La fédération présente habituellement un bilan quantitatif de l’action des Geiq. A-t-elle une vision aussi précise de la qualité et de la pérennité des emplois générés ?
Effectivement, chaque année, la Fédération française des Geiq s’efforce de produire des statistiques précises et concrètes quant aux résultats sur l’année écoulée. Sur la totalité d’un parcours, nous sommes en mesure de savoir quel type de contrat a été réalisé, pour combien de temps, quelle était la qualification visée, si le salarié l’a obtenue, et s’il a été embauché par l’entreprise, et sur quel contrat. Cependant, la vocation première est de s’assurer du bon déroulement du parcours, de l’entrée du salarié, jusqu’à sa sortie. Il n’a donc pas vocation à suivre le salarié au-delà de son parcours.
Malgré leurs bons résultats en matière d’insertion, le dispositif que vous représentez ne semble pas avoir, dans le public comme auprès des pouvoirs publics, la reconnaissance qui devrait être la leur. Comment expliquez-vous ce « déficit » et comment pensez-vous y remédier ?
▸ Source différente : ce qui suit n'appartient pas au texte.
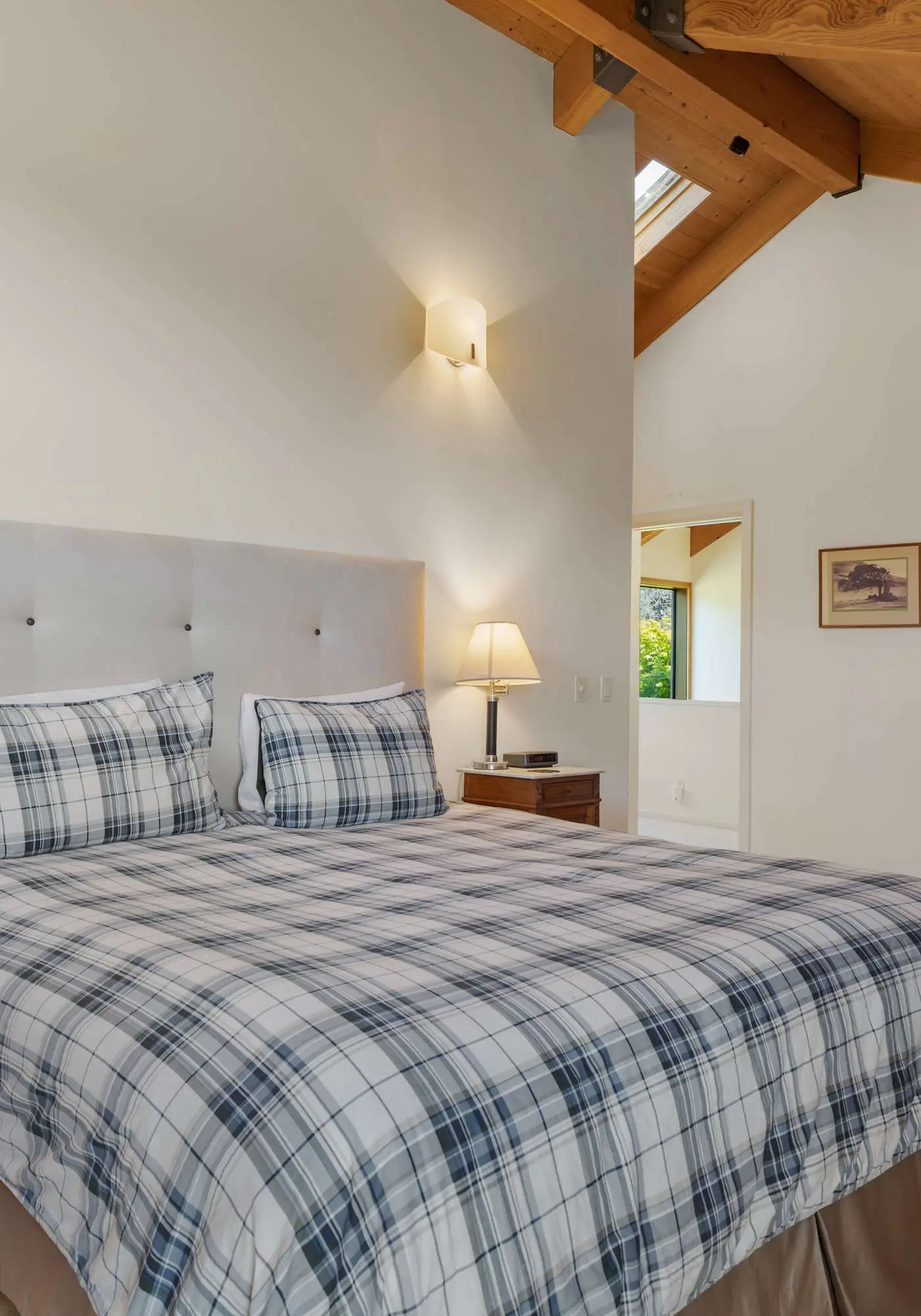 Nowell House - Beam-vaulted Sea Ranch home with private hot tub & ocean views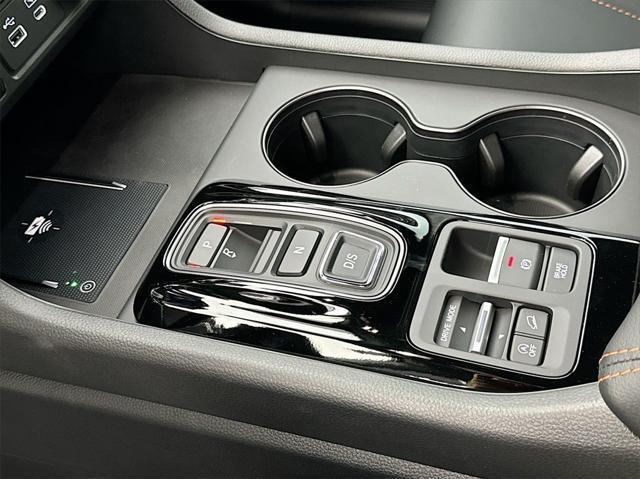 Photo of 2025 Lunar Silver Metallic Honda Pilot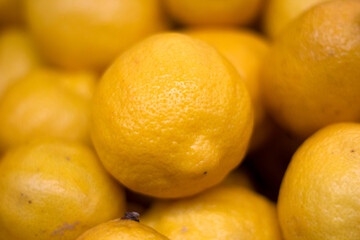 Lemon texture. Lots of fruit.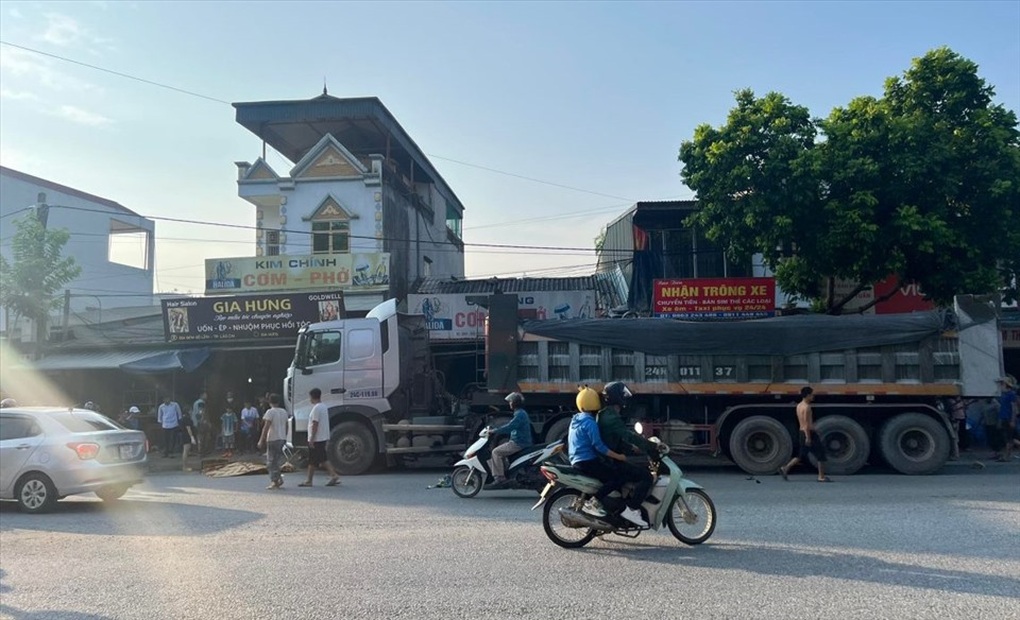 Xe đầu kéo va chạm xe máy, 3 người thương vong - 1 Xe đầu kéo va chạm xe máy, 3 người thương vong - 1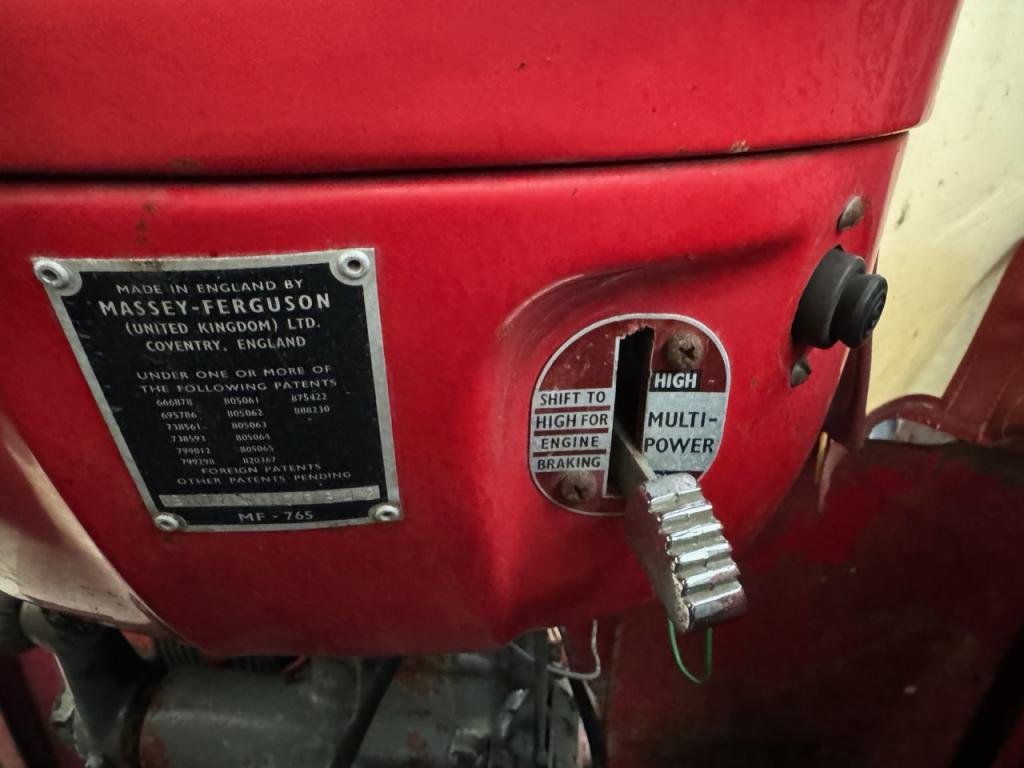 Massey Ferguson 65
Il est vrai que malgré leur plus-value, les Geiq n’ont pas toujours été mis en lumière comme ils le méritaient. Cependant, 2014 et 2015 marquent une véritable distinction dans la reconnaissance par les pouvoirs publics. Au-delà d’une reconnaissance dans la loi sur la formation professionnelle, l’Igas a réalisé un rapport encourageant leur développement. Ils font également partie du plan de lutte contre le chômage de longue durée annoncé par François Rebsamen en février dernier. De même, l’arrivée du contrat starter a permis de les valoriser, puisque ce contrat leur est réservé, tout comme les entreprises du secteur marchand. La FFGEIQ reste dans l’attente de la parution d’un décret relatif à la procédure de la reconnaissance de la qualité de Geiq au sujet duquel le Cnefop a donné un avis favorable le 9 juin dernier. L’appellation sera désormais attribuée par la FFGEIQ, pour une durée d’un an, sur avis conforme d’une commission mixte nationale composée de représentants de la Fédération, de représentants du ministre chargé de l’emploi et d’une personne qualifiée, tous désignés pour une durée de 4 ans. Nous devons aussi nous connaître davantage, notamment des branches et des décideurs. C’est l’un de nos objectifs pour les années à venir. Des tribunes et une meilleure visibilité dans les médias font également partie de notre stratégie.